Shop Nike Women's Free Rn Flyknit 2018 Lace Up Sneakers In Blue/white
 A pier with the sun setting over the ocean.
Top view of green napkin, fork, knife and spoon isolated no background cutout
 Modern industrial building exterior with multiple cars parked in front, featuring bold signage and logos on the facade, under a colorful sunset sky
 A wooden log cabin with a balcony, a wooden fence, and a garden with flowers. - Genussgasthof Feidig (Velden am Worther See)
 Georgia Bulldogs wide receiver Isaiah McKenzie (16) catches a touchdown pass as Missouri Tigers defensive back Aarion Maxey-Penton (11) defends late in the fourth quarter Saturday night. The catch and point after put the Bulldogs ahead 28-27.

....

- **What is being asked**
Would you show each line of the material above that contains the string "with"?

- **Answer for this exercise**
 A pier with the sun setting over the ocean.
 Modern industrial building exterior with multiple cars parked in front, featuring bold signage and logos on the facade, under a colorful sunset sky
 A wooden log cabin with a balcony, a wooden fence, and a garden with flowers. - Genussgasthof Feidig (Velden am Worther See)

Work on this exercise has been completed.